Oil is sent 30 miles by pipeline to Helder platform on Block Q/1 for further processing. From Helder the oil goes through the main trunkline from the block to a terminal near Amsterdam.

Horizon was aptly named, because horizontal drilling developments since discovery of the field in 1982 made it viable. Five wells are being placed on stream to afford plateau production of 18,000 b/d early next year.

Amoco last August completed installation of a central processing platform in Block P/15 gas field. The platform will take gas from four satellite wellhead protector platforms and three subsea completions.

P/15 production is expected to start later this year at about 470 MMcfd, with gas being sent 25 miles to shore via a new 26 in. diameter pipeline to a new gas terminal on the Hook of Holland.

DANISH FIELDS

Dansk Undergrunds Consortium, the joint venture of operator Maersk Olie & Gas AS, Texaco Denmark Inc., and Shell, placed two fields on stream off Denmark.

Regnar field is a small oil reservoir on Block 5505/17, which was brought on stream in late September. Developed with a single subsea well tied back to Dan field, it is the sector's first subsea field.

Another small oil field, Valdemar on Block 5504/7, went on production in October. Valdemar was developed using an unmanned wellhead platform to handle production from three wells for processing in Tyra field.

Development drilling is under way from Gorm, Skjold, and Dan field platforms. DUC has been drilling in the oil zone in Tyra field.

The Danish Energy Agency forecasts that Danish oil production will total 60 million bbl this year and peak at 62 million bbl next year, largely on account of development drilling. By 1997, however, production will fall to 55 million bbl for the year.

OTHER DEVELOPMENTS

Several of the batch of new U.K. oil fields will export production through BP's Forties pipeline. BP said Forties pipeline will be able to handle I million b/d when upgrading and expansion are complete.

BP shut down the Forties oil pipeline system in late March to tie in the Unity riser platform and 470,000 b/d of production at Kinneil terminal, near Edinburgh.

The 23 day shutdown interrupted the flow from eight fields-Arbroath, Balmoral, Brae, Buchan, Forties, Glamis, Miller, and Montrose-causing 9 million bbl of production to be deferred.

First new throughput for Forties came from Amerada Hess's Scott field.

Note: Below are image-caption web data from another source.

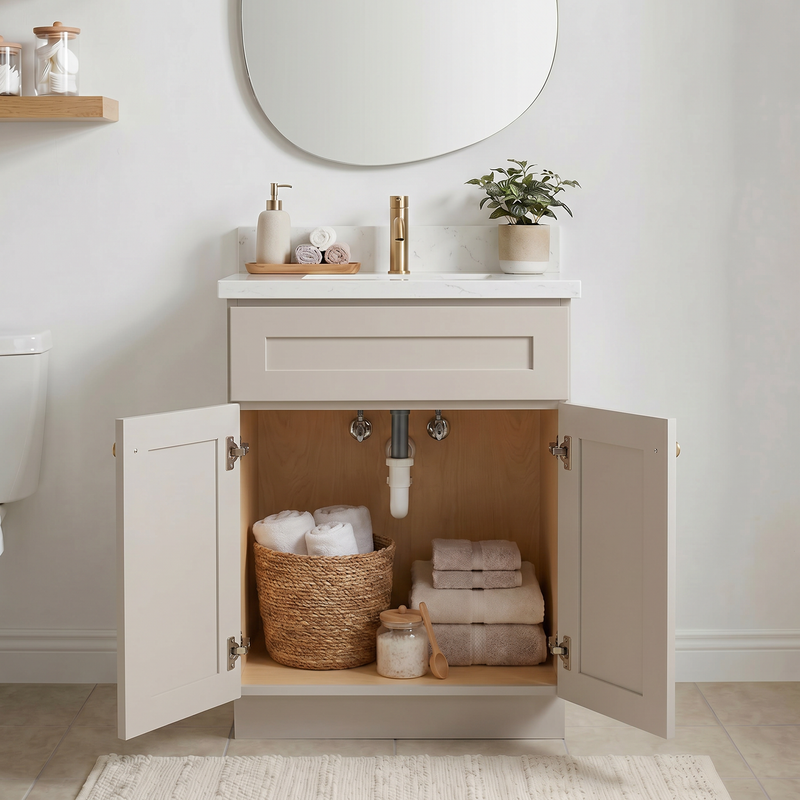 24" Taupe Shaker Bathroom Vanity with Quartz Top – Single Sink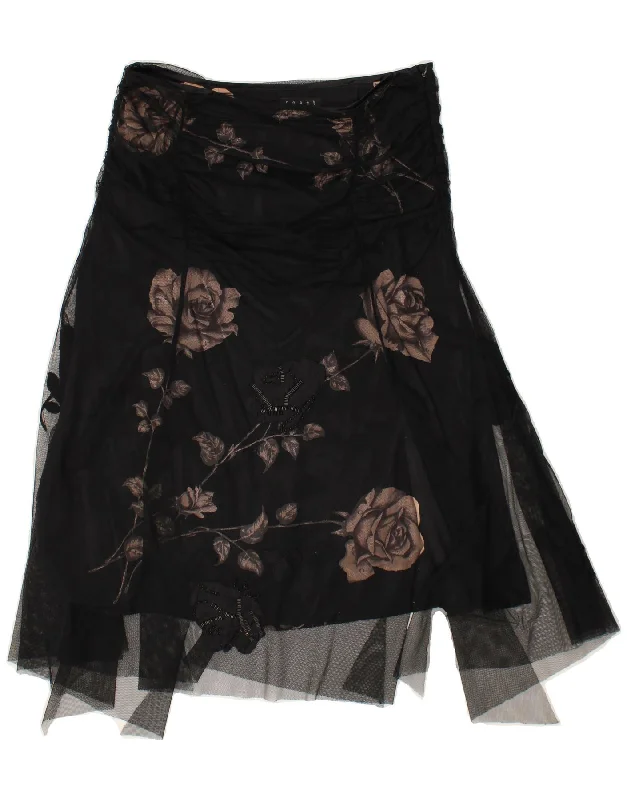 COAST Womens Asymmetrical Skirt UK 12 Medium W32 Black Floral Polyamide cashmere skirt fine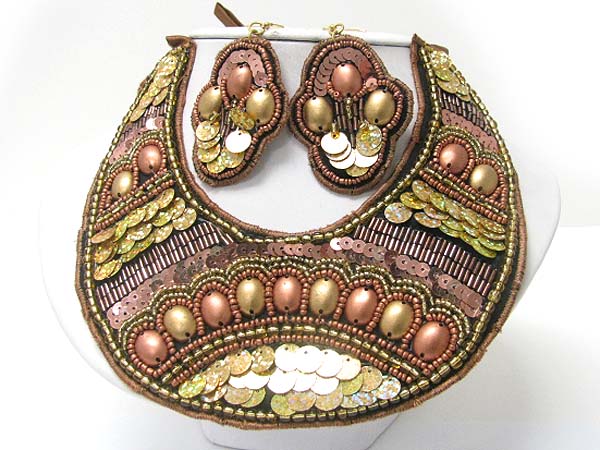 Acryl and sequins deco fabric round bib necklace earring set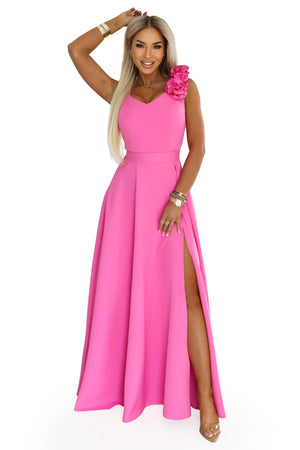 Vestido Maxi de Noite com Fenda e Rosas - Rosa Doce — imagem 8
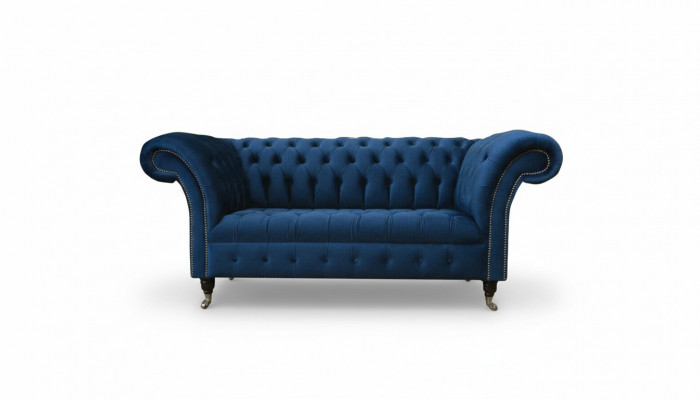 Design Chesterfield Sofagarnitur 2-Sëtzer Canapé Textil Blo Polstersofas Blo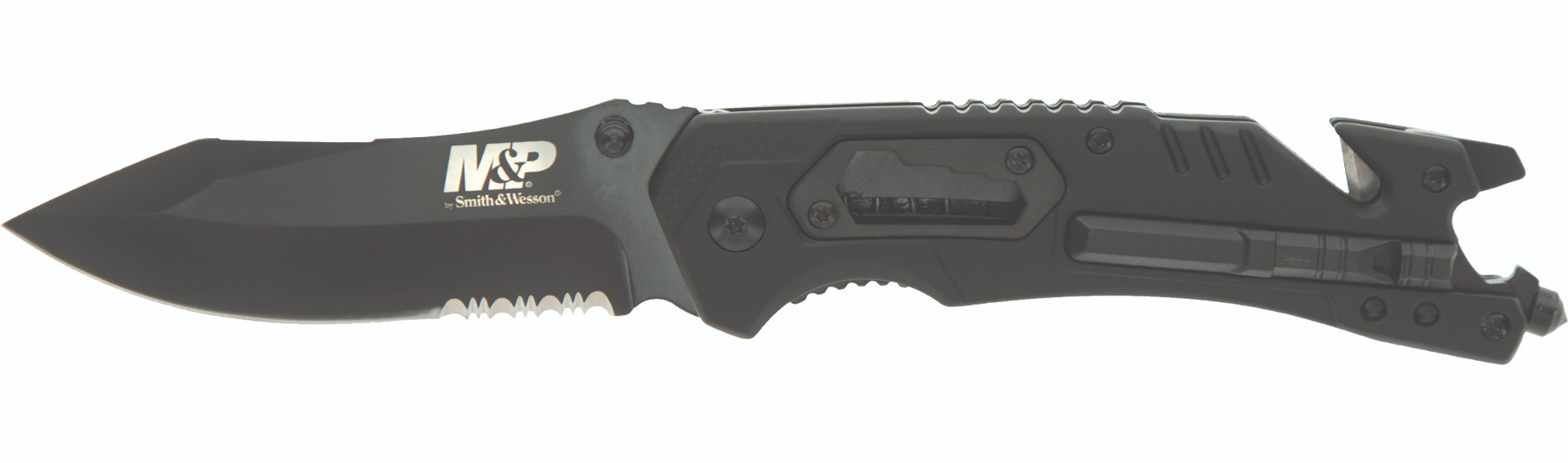 Smith & Wesson MP Dual Assisted 3.5 in Combo Blade Black Plastic Handle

BP expects Agip U.K. Ltd. to send first oil from Tiffany field, expected at about 70,000 b/d through Forties in mid-November, followed by Toni oil in December.

In June, Marathon Oil U.K. Ltd. completed installation of the 28,500 metric ton East Brae platform on U.K. Block 16/3a. First oil is expected mid-December, with exports via Forties rising to 115,000 b/d by 1995.

Chevron U.K. Ltd. launched a floating storage unit (FSU) for Block 16/26 Alba field at Astano SA's Ferrol shipyard in Spain. The 125,000 dwt tanker left the yard in late March (OGJ, Apr. 5, p. 30).

Sea trials took place from then until July, after which the vessel was towed to Alba field, arriving in August. ln June, Chevron saw the Alba platform installed. A 2.7 km pipeline bundle was towed out to Alba field in September. It was installed by Rockwater Ltd., Aberdeen, using remotely operated vehicles.

In the Norwegian sector, Elf Aquitaine Norge AS began predrilling four Froy field development wells in Block 25/5. The Treasure Saga semisubmersible rig spudded the first well early in June and will drill until April 1994. The field is due on stream in January 1995.

Elf also completed installation of subsea equipment on three wellheads comprising Lille Frigg field in Norwegian Block 25/2a. The three high temperature/high pressure wells were tied back during the summer. Lille Frigg is due on stream January 1994.

NELSON

Shell installed topsides for Block 22/6a Nelson field in a 6 day operation during early August. The installation required eight lifts, which were carried out in two phases due to interruption by bad weather.

On Aug. 8 the 9,875 metric ton deck was lifted onto the jacket by contractor Heeremac using the DB102 crane vessel in a 4 hour operation. That evening the 2,120 metric ton drilling module was lowered into place.

Next day the 1,950 metric ton living quarters and drilling derrick were installed. Then the weather worsened and the installation team had to choose between more lifts or starting to in weld the deck to the jacket.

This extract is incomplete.